Next up: one more visit with the insurance person as he needed to inspect the new oil tank. The owners were home on this visit, sitting in the yard and enjoying the sunny day. I felt a little sad for them that they were moving. We later learned from the neighbours that one of the owners was having some health issues and just wasn't up to maintaining a home for another winter. As a result of the previous winter's awfulness, they decided to move into an apartment. It was sooner than they had been planning but seemed like the right thing to do. The couple was lovely. They had lived in the home for about 40 years and asked if we were planning on doing any renovations. I could had rambled on about our long-term vision for the house, but we didn't really have one beyond updating the kitchen, getting a dryer, and adding a shower. It didn't seem right to tell them what was outdated in their house because it really doesn't matter and reflects personal taste. I complimented them (very sincerely as it was true) on the condition of their home and how well it had been looked after, and they seemed pleased. They offered us some things they couldn't take and that their family didn't need: some gardening tools, leftover paint, etc. It was very kind of them and they seemed pleased that a nice couple was purchasing in their home. In retrospect, it was probably similar to when they purchased the home in their mid 20s.
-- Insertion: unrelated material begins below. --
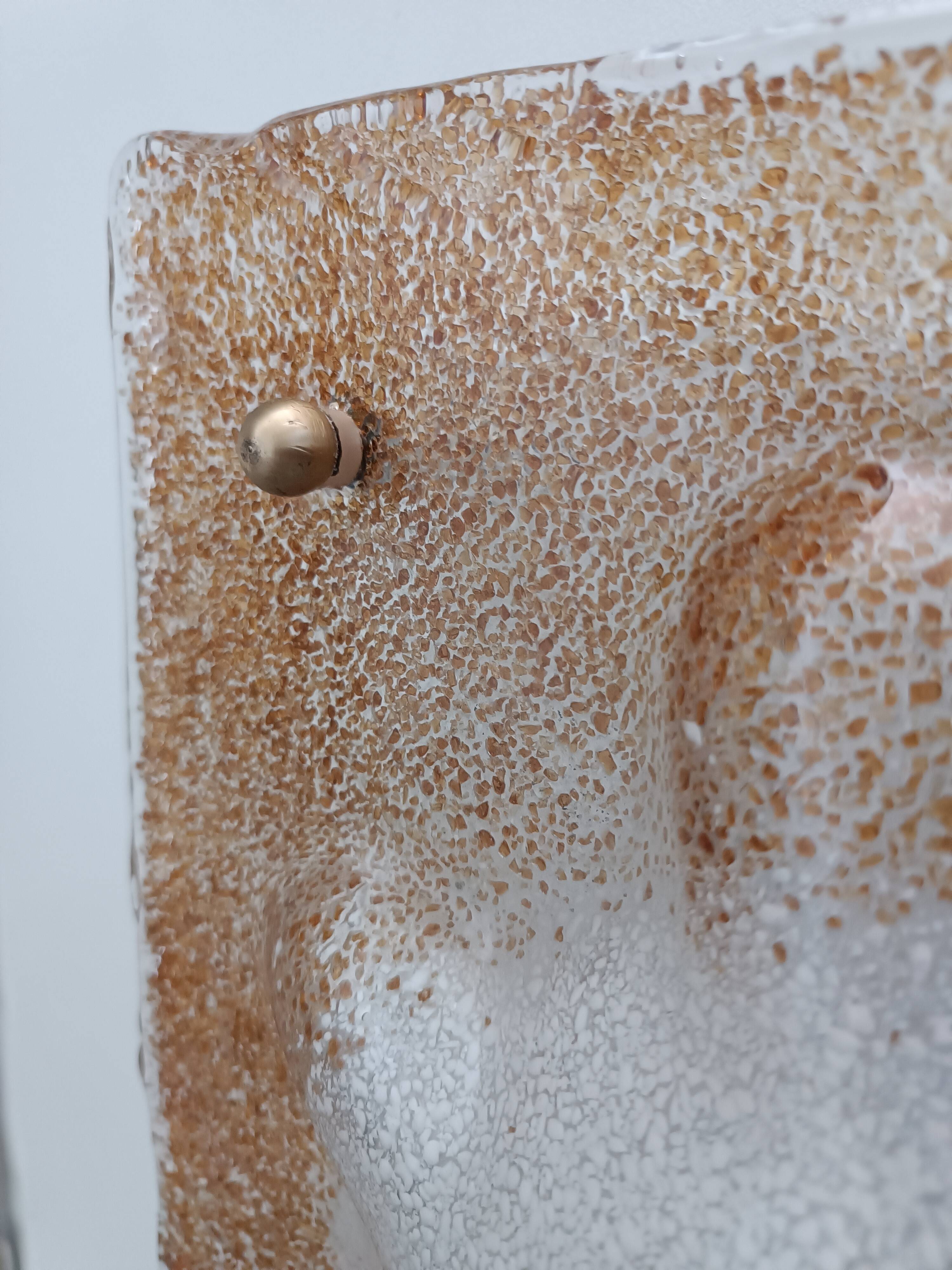 Important Murano slab wall light 39cm by Mazzega 1970s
Six weeks later our closing date arrived and we did the final walk through of the home before going to the lawyer's office. The house was so clean, it'll probably never be that clean again. They really went above and beyond preparing their home for us. I actually feel guilty that we somehow have a stain on the carpet already and that Michu has tracked poop onto the kitchen floor. Sorry!

Moving from one side of town to the other is, surprise, incredibly different than moving to a new country with only your backpack and carry-on bag. It felt like we had so much stuff to move. However, thanks to a small army of awesome people, it took just under two hours to fill the u-haul, drive the so long 10 minutes across town, and shove everything into the house. This included an elaborate struggle trying to shove a queen-size box spring up the narrow stairs on an old home. (Tip: just take the front door off, it makes everything easier.)

And voila! We now live in a house. And it's pretty awesome. It's the little things I appreciate, like having natural light in the kitchen, lots of windows, a deck (!!!), a shed, not having to carry groceries in through security doors and having to constantly unlock the door for each load. It's wonderful to still be within walking distance of many things, and although we never received a noise complaint in our apartment building, it's still nice to be way less paranoid when having people over in the evening/into the night.

A few comments on the whole house buying experience.

Unexpected Costs
Beyond the price of the house, expect to pay for a home inspection (around $450), lawyer fees ($1200), a tank of oil ($900), and $35 on your cell phone for going over your daytime minutes allotment in lawyer and realtor calls. (Also an unexpected cost of being unemployed since you no longer have access to a free-to-you landline at work.)

Charlottetown Real Estate Market
Thank goodness for living in a have-not province!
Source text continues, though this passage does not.